WESTBROOK – Cindy Button, the Westbrook School Department transportation coordinator hired in June, resigned from her position last week, but details behind the circumstances of the resignation remain unclear.
Superintendent of Schools Marc Gousse confirmed Monday that Button had turned in a letter of resignation last week, effective Dec. 31. However, Button is spending her last two weeks working from the school department’s central office.
Dean Flanigan, the school department’s director of operations, said Monday that the position of transportation coordinator was posted last week following Button’s resignation.
Button was hired for the job amid public objections from school bus drivers, who supported keeping the two administrative assistants who ran the department’s daily tasks.
The transportation job has been in flux since Penny Esposito retired in early 2010. Esposito was replaced by Jan Breton, the former assistant superintendent whose job had been eliminated.
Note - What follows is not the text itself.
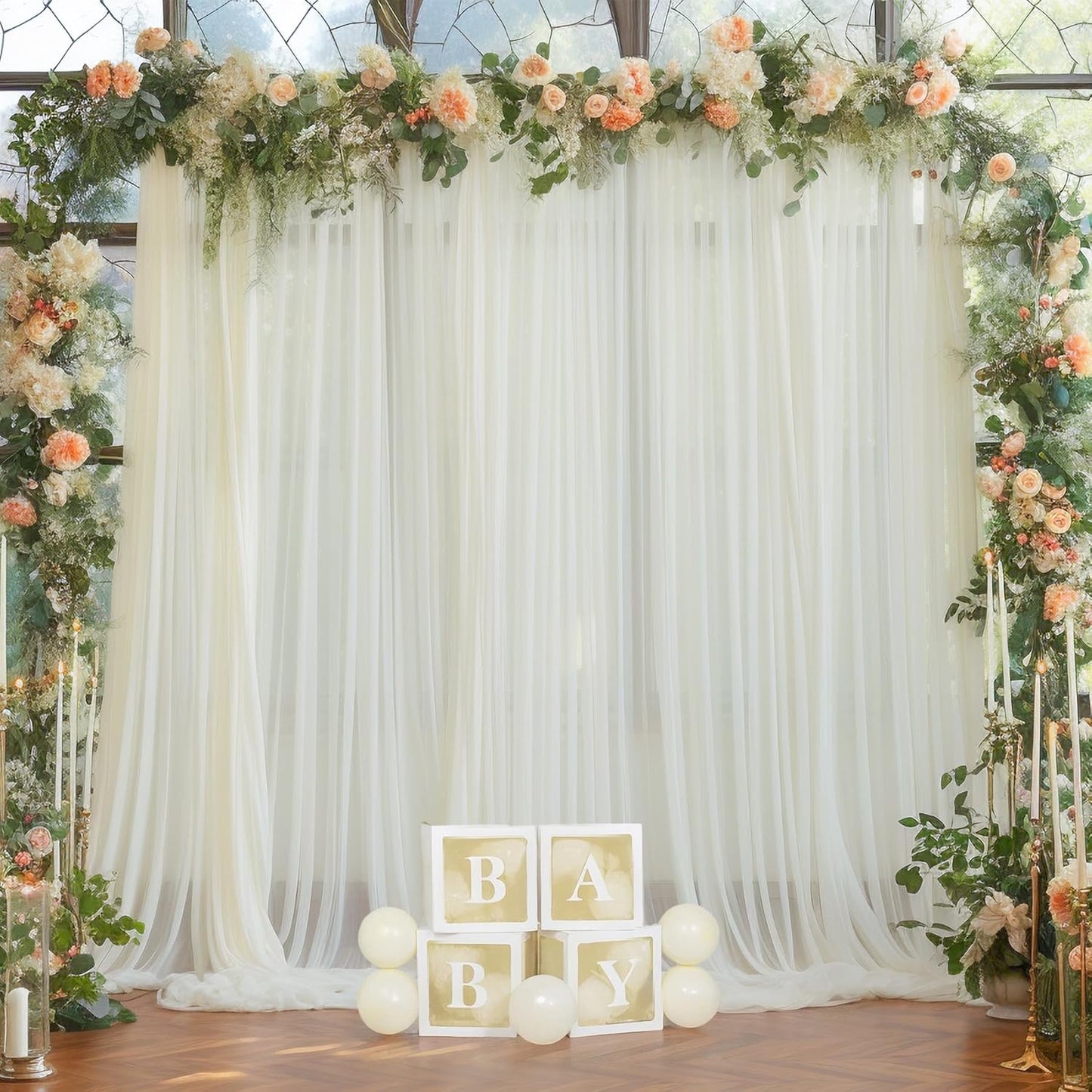 PARTISKY 20ft X 10ft Ivory Tulle Backdrop Curtain for Parites, Sheer Backdrop Curtains Fabric Drapes for Wedding Ceremony Arch Party Stage Decorations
Breton was only in the post for six months.
According to Gousse, after Breton left, the school department named Jeremy Ray as director of operations, overseeing the transportation, maintenance and technology departments. Ray subsequently left to become superintendent of schools in Biddeford. After Flanigan was named director of operations, coordinator jobs were created in June for transportation, maintenance and technology.
When hired, Button, who was one of only three certified transportation directors in Maine, had been the transportation director at School Administrative District 60 in North Berwick, where she still lives. Flanigan added that the long commute might have played into Button’s decision.
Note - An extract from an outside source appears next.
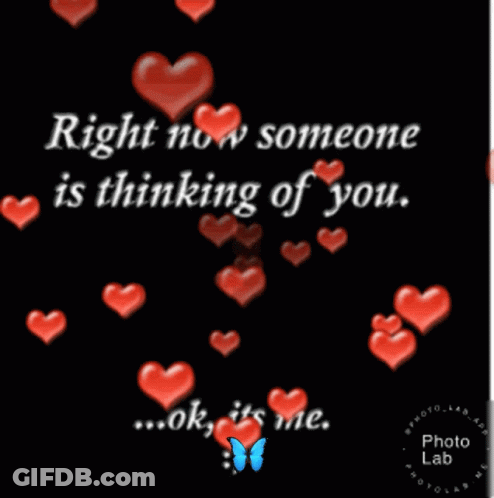 Red Hearts Black Background Right Now Someone Is Thinking Of You Ok It's Me GIF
Flanigan said Wednesday that Button has been working on budgetary items for the school department from the central office leading up to the school’s budget discussions this spring.
“I wanted her to have the documentation right at her fingertips,” he said.
He said that Button has been looking ahead at figures for the transportation department for fiscal year 2014-15.
Flanigan added that “there wasn’t anything in her letter stating reasons” for the resignation.
Both Flanigan and Gousse said they were surprised by Button’s resignation.
Multiple calls to Button were not returned by the American Journal’s deadline Wednesday.
In an interview with the American Journal in July, just as she began the job, Button said she was “looking forward to putting together a bus safety committee and implementing a safety program for all students in Westbrook. Transporting students the safest possible way is by far the most important part of my job.”
On June 19, the Westbrook School Committee unanimously agreed to hire Button as the new coordinator for $45,000 per year, and to eliminate one of two administrative assistant positions in the transportation department. Prior to Button’s hiring, Joan Harmon and Peggy Bowden were longtime assistants who ran the department’s daily tasks.
Bowden’s position was eliminated to provide funding for Button’s job. Bowden subsequently took a job as a department bus driver.
Prior to the School Committee’s vote in June, Mark Crawford, a Westbrook school bus driver, read a letter in support of the two assistant positions, which was supported by the transportation staff.
“These two women have worked at Westbrook schools for many years, and have run the daily operations at the Transportation Department with different administrators for the past three years,” he said. “There are two people currently working in our office that have demonstrated that they can, and have, run the transportation department.”
Harmon has been working with the district since 1992, while Bowden began as a bus driver in 1984.
Harmon said Tuesday that as the current administrative assistant, she is overseeing the department’s day-to-day operations until Button’s replacement is hired, but declined to comment on whether she will seek the position.
There are some 25 employees in the department.
Superintendent of Schools Marc Gousse confirmed Monday that Cindy Button had turned in a letter of resignation last week, effective Dec. 31.